Oui, ma résolution est irrévocablement prise, et tu vas la connaître à l'instant: Je ne serai jamais la femme d'Édouard! Dieu vient de m'ouvrir les yeux d'une manière terrible sur les crimes que j'ai commis; je veux les expier! Ne cherche pas à me faire revenir de cette résolution, prends tes mesures en conséquence, rappelle le Major ou écris-lui à l'instant que le divorce est impossible! Combien n'ai-je pas souffert pendant mon immobilité! car à chaque mot que tu lui disais, je voulais me relever et m'écrier: Ne lui donne pas d'aussi sacrilèges espérances!
Charlotte comprit l'état d'Ottilie, tout en croyant toutefois qu'il serait facile de la faire changer de résolution, quand le sentiment qui la lui avait fait prendre se serait émoussé; mais à peine eut-elle prononcé quelques phrases dont le but était de faire entrevoir les consolations et les espérances que le temps apporte naturellement aux plus grandes infortunes, que la jeune fille s'écria avec une élévation d'âme qui tenait de l'exaltation:
—Ne cherchez jamais à m'émouvoir, à me tromper! au moment où j'apprendrai que tu as consenti au divorce, je me punirai de mes fautes, de mes crimes, en me précipitant dans ce même lac où s'est éteinte la vie de ton enfant!
CHAPITRE XV.
Dans le cours ordinaire et paisible de la vie domestique, les parents, les amis aiment à parler entre eux, même au risque de s'ennuyer mutuellement, de leurs travaux, de leurs entreprises, de leurs projets; d'où il résulte que tout se fait d'un commun accord, sans que l'on ait songé à se demander des conseils ou des avis. Mais dans les moments graves, importants, où l'homme a plus que jamais besoin de l'approbation d'un autre homme digne de sa confiance, chacun se refoule sur lui-même et agit suivant ses propres inspirations; tous se cachent les moyens qu'ils emploient, et ce n'est que par les résultats, par les faits accomplis dont chacun est forcé d'accepter sa part, que la communauté de pensée et d'action se rétablit.

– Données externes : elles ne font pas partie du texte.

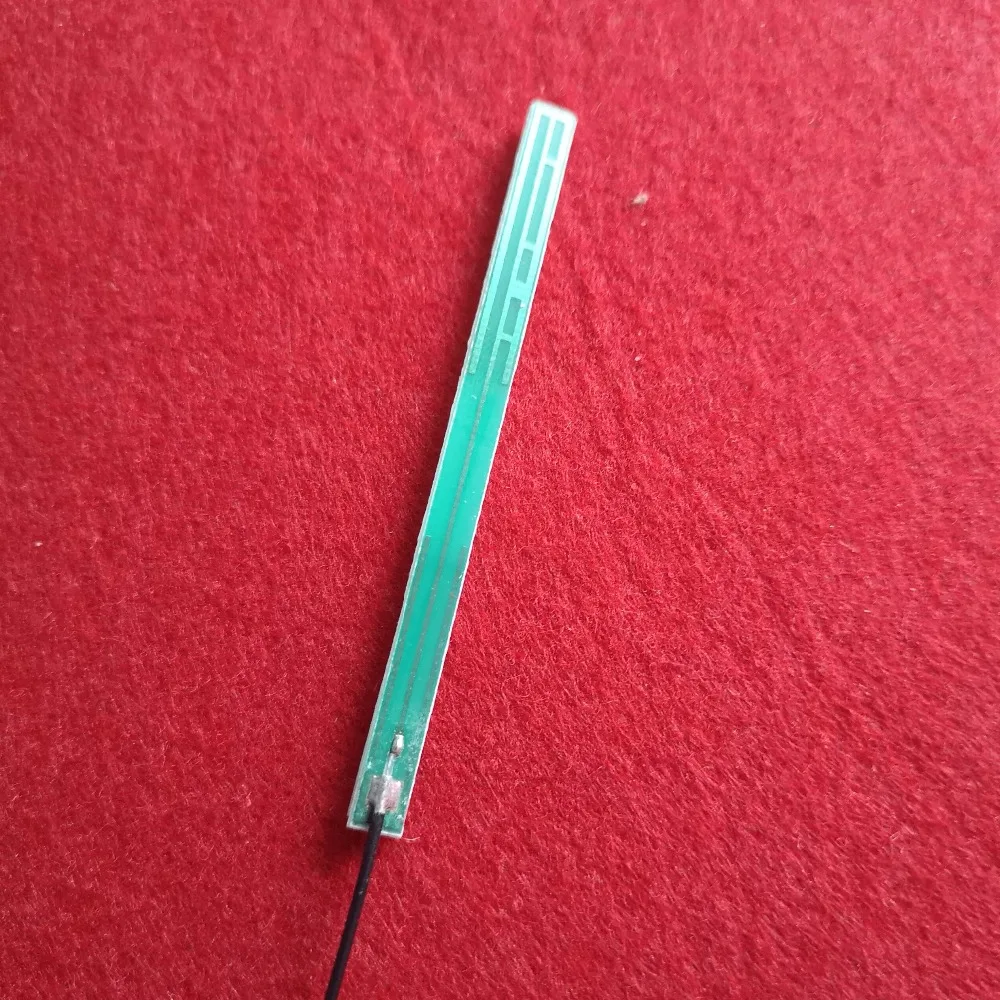 700 960 МГц UHF RFID антенна 75*6 мм| |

C'est ainsi qu'après une foule d'événements aussi singuliers que malheureux, chacune des deux dames s'était renfermée dans une gravité imposante, qui ne les empêcha cependant pas d'avoir l'une pour l'autre les procédés les plus délicats. Charlotte avait fait déposer en silence et presque avec mystère son malheureux enfant dans la chapelle, où il dormait comme une première victime d'un avenir encore gros de catastrophes funestes.

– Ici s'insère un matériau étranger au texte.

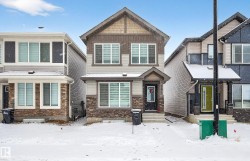 201 SUNLAND Way  Sherwood Park, AB T8H 2Y6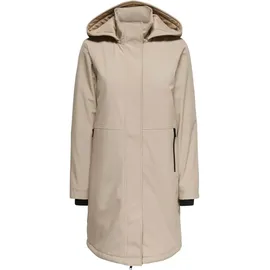 Only Langer Parka in Humus | Gr.: XS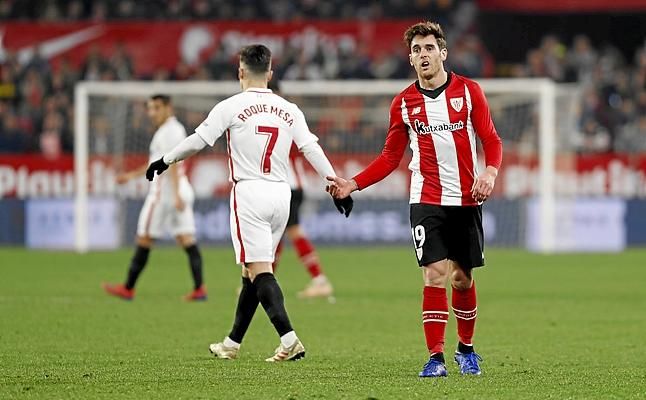 El Athletic también expresa su disconformidad con el horario del partido en Sevilla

Mille autres soins, plus ou moins importants et dont elle s'acquittait avec une exactitude scrupuleuse, prouvaient que le sentiment du devoir avait donné à Charlotte la force d'agir de nouveau dans la vie active. Là, elle trouva d'abord Ottilie qui, plus que tout autre, avait besoin de sa sollicitude, et elle ne s'occupa plus que d'elle, mais avec tant de délicatesse, que la noble enfant ne put pas même s'apercevoir de cette préférence. Elle savait enfin combien cette enfant aimait Édouard, et par les aveux qui lui échappaient malgré elle, et par les lettres que le Major lui écrivait chaque jour.

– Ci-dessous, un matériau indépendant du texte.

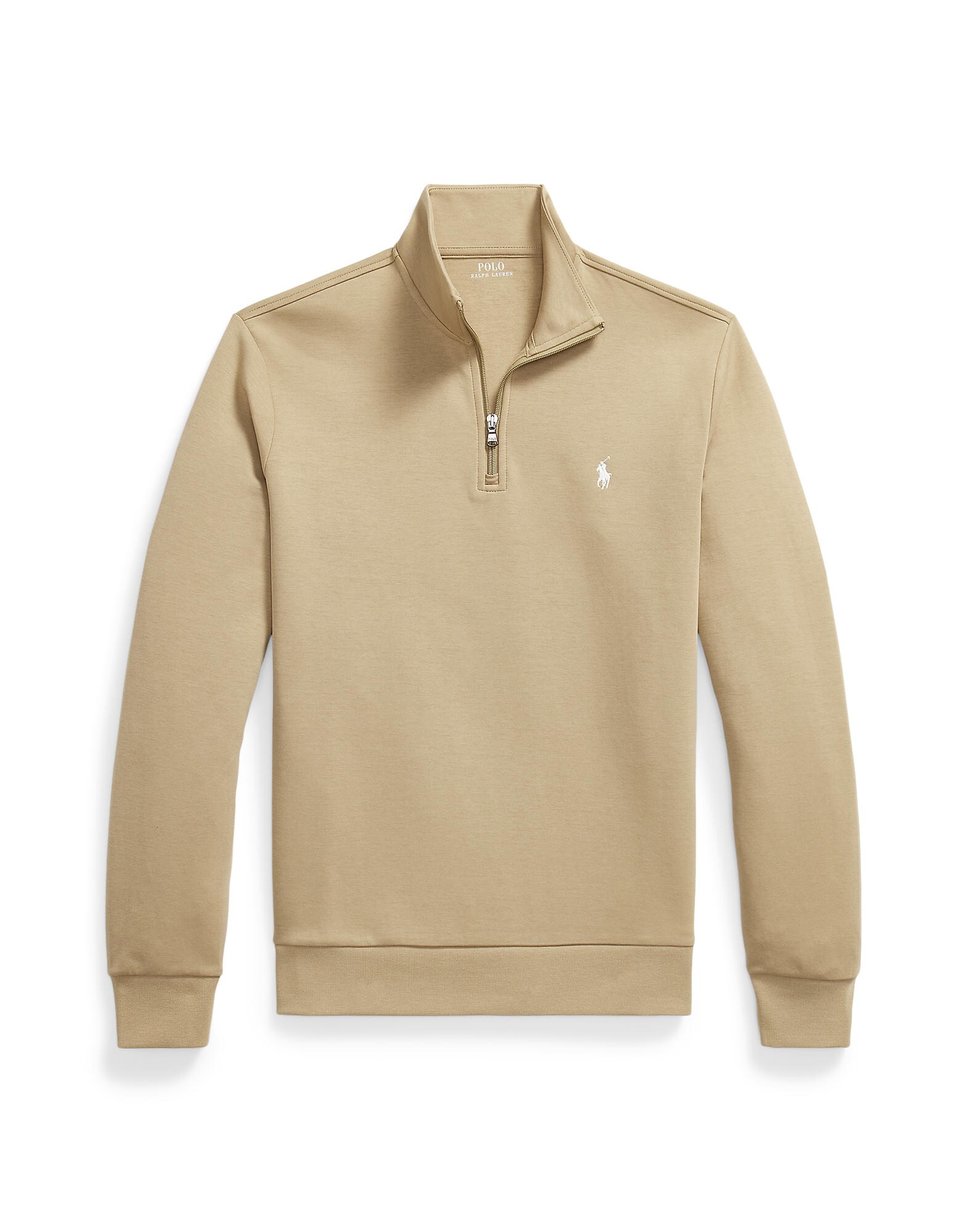 Polo Ralph Lauren Mikina  béžová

De son côté, Ottilie faisait tout ce qui était en son pouvoir pour rendre plus douce la position actuelle de sa tante. Elle était franche, communicative même; mais jamais elle ne parlait du présent ou d'un passé trop rapproché. Elle avait toujours beaucoup écouté, beaucoup observé, et elle recueillit enfin les fruits de cette louable habitude; car elle lui fournit le moyen d'amuser, de distraire Charlotte qui, au fond de son coeur, nourrissait l'espoir de voir uni, tôt ou tard, le couple qui lui était devenu si cher.
L'âme d'Ottilie était dans une situation bien différente. Elle avait révélé le secret de sa vie à sa tante, qui était devenue enfin son amie; et elle se sentait affranchie de la servitude dans laquelle elle avait vécu jusque là; le repentir et la résolution qu'elle avait prise la débarrassaient du fardeau de ses fautes et du crime dont le destin l'avait rendue coupable. Elle n'avait plus besoin de se dominer elle-même, elle s'était pardonnée au fond de son coeur, à la condition de renoncer à tout bonheur personnel: aussi cette condition devait-elle nécessairement être irrévocable.
Plusieurs semaines s'écoulèrent ainsi, et Charlotte finit par sentir que cette délicieuse maison d'été, son lac, ses rochers et ses promenades pittoresques n'avaient plus que des souvenirs pénibles pour elle et pour sa jeune amie; qu'enfin il fallait changer de demeure: mais il était plus facile d'éprouver ce besoin que de le satisfaire.